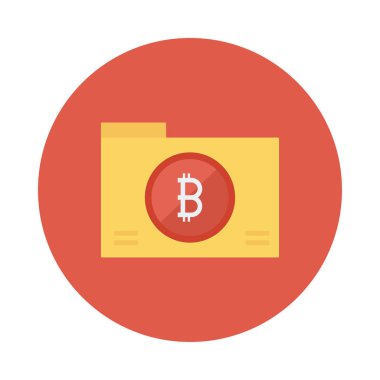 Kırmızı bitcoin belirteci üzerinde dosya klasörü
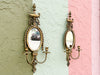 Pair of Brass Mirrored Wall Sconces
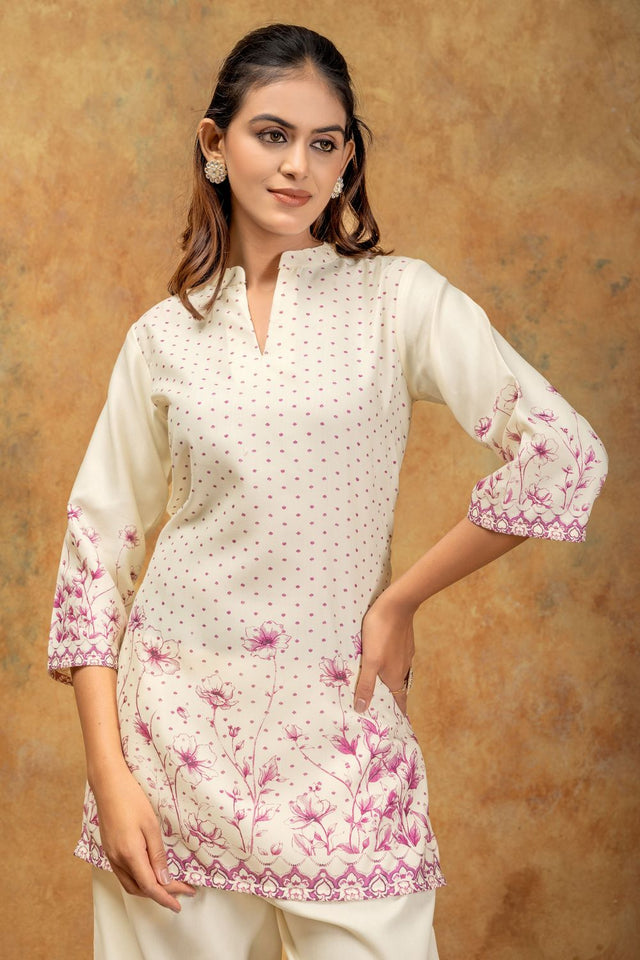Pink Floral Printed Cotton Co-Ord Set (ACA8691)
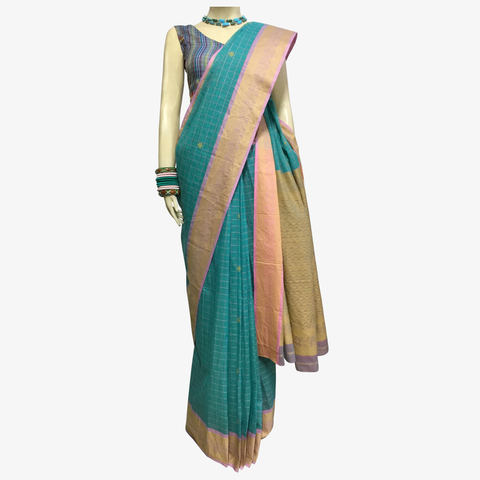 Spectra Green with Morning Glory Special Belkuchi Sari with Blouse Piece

Work item
Write the material above out again exactly as it reads, but don't carry over the pictures.

Answer for this exercise
 Kırmızı bitcoin belirteci üzerinde dosya klasörü
 Pair of Brass Mirrored Wall Sconces
Pink Floral Printed Cotton Co-Ord Set (ACA8691)
 Spectra Green with Morning Glory Special Belkuchi Sari with Blouse Piece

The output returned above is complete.